## What you need to do
From the entries below, retype only the lines from the one with "Milena Two Seat Grey Velvet Sofa" through the one with "Accessorize Ric Rac Tiered Maxi Skirt, Black", exactly as written.

(Brief descriptive captions)
+===+
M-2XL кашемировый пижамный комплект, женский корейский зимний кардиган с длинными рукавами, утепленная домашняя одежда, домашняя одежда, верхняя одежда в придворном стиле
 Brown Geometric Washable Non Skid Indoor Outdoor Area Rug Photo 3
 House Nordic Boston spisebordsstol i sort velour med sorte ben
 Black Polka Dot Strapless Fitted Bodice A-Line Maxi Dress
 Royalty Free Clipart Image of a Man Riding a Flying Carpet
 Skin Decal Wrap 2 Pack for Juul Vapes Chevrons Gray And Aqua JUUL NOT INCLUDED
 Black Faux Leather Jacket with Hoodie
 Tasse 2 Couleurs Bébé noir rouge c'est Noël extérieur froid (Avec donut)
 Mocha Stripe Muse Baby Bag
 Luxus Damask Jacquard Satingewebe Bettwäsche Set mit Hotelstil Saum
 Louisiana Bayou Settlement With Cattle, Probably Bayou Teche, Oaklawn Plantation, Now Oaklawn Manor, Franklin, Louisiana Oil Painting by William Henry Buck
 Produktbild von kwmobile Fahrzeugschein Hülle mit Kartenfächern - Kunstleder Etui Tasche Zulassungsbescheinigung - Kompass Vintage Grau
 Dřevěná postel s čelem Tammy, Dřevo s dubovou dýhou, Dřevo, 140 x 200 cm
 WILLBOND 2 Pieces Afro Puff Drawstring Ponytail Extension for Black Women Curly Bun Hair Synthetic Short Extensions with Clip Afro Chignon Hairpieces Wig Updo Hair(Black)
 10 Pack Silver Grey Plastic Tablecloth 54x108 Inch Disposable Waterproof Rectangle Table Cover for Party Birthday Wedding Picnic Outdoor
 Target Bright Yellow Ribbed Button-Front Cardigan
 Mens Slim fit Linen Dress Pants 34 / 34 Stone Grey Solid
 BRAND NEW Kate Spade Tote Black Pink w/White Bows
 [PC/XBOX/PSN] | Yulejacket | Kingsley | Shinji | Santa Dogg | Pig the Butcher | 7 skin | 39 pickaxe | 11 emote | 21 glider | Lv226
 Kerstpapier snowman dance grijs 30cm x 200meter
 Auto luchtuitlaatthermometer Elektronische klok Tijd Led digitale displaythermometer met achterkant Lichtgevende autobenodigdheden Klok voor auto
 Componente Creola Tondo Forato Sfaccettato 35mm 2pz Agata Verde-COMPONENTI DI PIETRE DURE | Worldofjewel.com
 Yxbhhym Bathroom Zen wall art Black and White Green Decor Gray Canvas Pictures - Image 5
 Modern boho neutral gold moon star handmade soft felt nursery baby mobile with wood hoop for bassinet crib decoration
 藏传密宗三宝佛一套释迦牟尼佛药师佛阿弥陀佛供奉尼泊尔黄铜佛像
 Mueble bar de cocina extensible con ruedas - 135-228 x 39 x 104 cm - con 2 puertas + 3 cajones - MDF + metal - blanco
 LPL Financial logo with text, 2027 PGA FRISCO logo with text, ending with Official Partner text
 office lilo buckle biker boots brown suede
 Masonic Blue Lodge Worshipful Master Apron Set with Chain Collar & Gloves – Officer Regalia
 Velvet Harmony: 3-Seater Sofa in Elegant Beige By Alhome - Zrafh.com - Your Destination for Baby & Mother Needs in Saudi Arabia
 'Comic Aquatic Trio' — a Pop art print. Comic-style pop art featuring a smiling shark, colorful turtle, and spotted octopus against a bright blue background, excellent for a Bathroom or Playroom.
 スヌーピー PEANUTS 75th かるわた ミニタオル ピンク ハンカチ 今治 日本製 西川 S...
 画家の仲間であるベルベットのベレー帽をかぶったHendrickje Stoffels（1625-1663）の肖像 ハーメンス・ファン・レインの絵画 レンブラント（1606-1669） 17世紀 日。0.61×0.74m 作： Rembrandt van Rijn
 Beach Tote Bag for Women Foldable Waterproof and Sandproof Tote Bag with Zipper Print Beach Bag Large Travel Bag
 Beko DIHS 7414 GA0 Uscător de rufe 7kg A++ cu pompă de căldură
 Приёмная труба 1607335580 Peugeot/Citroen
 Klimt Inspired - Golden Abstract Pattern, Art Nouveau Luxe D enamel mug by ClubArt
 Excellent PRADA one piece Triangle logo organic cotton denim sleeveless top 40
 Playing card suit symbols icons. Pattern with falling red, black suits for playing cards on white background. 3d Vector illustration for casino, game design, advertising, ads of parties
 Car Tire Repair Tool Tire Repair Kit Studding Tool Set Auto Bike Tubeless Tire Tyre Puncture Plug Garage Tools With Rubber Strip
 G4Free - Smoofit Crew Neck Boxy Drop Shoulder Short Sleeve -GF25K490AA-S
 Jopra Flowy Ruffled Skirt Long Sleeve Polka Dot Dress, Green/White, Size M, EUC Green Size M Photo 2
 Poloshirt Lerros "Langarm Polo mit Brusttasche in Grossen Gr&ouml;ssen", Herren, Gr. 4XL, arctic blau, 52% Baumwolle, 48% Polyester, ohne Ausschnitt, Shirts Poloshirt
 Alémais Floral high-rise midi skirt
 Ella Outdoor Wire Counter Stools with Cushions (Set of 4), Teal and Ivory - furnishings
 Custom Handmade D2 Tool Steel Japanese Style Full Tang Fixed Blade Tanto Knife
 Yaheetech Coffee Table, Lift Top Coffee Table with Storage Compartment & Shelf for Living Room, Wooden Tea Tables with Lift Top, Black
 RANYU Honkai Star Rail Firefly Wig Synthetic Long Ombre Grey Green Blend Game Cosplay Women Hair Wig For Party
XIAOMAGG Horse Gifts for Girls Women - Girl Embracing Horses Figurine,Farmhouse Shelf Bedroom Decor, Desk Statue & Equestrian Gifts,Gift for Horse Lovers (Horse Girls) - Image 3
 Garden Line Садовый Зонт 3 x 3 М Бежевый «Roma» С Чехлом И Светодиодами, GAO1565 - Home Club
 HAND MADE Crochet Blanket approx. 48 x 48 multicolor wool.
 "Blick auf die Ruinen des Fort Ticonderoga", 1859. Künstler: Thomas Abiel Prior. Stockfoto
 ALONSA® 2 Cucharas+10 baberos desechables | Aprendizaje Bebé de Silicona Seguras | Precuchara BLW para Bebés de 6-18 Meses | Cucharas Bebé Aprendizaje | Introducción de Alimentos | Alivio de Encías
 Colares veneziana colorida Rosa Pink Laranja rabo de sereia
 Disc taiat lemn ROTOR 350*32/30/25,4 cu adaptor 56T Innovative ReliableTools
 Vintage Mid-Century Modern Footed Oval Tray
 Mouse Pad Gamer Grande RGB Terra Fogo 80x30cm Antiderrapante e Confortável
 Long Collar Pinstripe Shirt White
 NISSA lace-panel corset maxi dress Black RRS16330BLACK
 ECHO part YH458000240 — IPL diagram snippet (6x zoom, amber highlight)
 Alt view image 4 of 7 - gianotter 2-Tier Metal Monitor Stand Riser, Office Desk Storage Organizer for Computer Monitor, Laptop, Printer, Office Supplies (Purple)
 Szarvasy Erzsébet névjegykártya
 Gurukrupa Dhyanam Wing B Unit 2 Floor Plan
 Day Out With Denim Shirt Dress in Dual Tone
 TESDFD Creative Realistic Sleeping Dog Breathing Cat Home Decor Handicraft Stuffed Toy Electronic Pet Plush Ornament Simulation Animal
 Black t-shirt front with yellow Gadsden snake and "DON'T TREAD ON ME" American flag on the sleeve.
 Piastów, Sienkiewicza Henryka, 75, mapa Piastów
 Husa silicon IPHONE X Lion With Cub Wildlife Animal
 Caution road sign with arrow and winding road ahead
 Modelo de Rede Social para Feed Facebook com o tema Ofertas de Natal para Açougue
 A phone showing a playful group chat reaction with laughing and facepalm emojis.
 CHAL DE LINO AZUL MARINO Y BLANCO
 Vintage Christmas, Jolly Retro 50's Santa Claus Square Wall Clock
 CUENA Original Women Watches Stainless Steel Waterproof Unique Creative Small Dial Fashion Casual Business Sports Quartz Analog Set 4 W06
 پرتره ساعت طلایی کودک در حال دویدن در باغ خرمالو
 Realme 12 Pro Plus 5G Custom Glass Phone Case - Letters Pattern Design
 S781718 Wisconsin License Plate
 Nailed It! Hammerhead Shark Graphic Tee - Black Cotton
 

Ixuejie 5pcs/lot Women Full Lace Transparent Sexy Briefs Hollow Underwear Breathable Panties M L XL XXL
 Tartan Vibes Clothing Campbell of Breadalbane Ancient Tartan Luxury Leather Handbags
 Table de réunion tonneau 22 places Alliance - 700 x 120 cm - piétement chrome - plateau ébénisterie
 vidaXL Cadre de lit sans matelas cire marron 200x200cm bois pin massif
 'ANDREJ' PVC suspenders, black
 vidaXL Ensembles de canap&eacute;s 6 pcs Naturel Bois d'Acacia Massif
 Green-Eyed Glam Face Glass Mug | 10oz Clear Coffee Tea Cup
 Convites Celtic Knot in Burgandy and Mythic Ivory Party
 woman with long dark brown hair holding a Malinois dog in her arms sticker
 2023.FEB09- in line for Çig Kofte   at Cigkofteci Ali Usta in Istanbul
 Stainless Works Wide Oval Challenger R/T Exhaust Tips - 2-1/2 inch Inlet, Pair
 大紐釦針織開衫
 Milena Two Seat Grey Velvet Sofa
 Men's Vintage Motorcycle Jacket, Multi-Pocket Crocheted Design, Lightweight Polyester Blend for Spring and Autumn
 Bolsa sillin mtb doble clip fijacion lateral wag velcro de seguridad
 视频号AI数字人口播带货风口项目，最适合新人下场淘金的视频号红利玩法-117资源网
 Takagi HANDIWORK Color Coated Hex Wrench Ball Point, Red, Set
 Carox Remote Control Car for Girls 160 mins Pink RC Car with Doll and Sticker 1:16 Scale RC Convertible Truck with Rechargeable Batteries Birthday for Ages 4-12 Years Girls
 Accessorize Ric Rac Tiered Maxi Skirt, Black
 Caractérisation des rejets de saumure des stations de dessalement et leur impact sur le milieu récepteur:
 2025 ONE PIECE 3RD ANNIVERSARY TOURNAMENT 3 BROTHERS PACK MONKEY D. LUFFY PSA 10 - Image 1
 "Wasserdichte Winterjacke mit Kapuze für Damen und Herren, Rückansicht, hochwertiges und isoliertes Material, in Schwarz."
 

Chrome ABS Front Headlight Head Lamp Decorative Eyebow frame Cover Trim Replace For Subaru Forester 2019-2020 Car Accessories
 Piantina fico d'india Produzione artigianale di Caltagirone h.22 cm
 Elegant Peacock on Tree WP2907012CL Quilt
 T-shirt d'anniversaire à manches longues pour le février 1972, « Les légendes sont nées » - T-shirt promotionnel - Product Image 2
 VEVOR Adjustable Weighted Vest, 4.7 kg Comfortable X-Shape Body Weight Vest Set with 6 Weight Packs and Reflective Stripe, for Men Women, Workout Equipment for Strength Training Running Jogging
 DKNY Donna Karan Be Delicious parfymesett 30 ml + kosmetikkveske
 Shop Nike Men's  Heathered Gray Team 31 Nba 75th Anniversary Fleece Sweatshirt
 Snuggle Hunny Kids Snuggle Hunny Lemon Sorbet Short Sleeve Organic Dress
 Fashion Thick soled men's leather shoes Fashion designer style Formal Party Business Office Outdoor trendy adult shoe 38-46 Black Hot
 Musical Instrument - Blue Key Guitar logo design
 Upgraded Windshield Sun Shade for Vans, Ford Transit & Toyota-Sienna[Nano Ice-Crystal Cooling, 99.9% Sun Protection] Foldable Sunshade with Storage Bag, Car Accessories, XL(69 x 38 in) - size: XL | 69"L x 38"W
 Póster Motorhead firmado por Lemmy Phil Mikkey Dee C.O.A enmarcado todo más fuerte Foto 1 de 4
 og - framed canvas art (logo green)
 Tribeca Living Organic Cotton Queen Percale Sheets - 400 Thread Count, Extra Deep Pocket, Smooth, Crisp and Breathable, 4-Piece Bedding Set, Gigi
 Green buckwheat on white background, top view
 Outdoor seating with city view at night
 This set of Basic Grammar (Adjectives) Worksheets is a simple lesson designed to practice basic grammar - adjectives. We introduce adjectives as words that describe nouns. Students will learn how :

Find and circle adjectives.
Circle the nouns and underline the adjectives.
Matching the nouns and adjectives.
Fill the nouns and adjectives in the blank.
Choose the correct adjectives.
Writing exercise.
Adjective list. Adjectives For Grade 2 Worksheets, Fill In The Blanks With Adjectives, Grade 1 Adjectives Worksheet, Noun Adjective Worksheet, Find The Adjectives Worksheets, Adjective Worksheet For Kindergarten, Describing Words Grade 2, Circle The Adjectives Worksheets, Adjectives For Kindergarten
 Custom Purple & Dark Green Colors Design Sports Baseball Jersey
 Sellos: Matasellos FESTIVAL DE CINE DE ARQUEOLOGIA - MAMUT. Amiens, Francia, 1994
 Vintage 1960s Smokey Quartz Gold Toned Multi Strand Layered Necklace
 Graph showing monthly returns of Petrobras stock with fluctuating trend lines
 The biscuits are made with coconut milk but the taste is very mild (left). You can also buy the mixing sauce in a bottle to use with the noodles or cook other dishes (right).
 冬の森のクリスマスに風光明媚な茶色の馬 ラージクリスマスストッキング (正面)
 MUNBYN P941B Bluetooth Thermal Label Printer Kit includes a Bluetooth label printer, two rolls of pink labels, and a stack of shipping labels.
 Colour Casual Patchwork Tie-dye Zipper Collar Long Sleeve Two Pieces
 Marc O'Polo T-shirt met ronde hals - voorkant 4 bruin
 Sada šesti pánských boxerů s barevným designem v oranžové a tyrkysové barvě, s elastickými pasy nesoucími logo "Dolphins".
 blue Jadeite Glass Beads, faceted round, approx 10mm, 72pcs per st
+===+
## Finished task
 Milena Two Seat Grey Velvet Sofa
 Men's Vintage Motorcycle Jacket, Multi-Pocket Crocheted Design, Lightweight Polyester Blend for Spring and Autumn
 Bolsa sillin mtb doble clip fijacion lateral wag velcro de seguridad
 视频号AI数字人口播带货风口项目，最适合新人下场淘金的视频号红利玩法-117资源网
 Takagi HANDIWORK Color Coated Hex Wrench Ball Point, Red, Set
 Carox Remote Control Car for Girls 160 mins Pink RC Car with Doll and Sticker 1:16 Scale RC Convertible Truck with Rechargeable Batteries Birthday for Ages 4-12 Years Girls
 Accessorize Ric Rac Tiered Maxi Skirt, Black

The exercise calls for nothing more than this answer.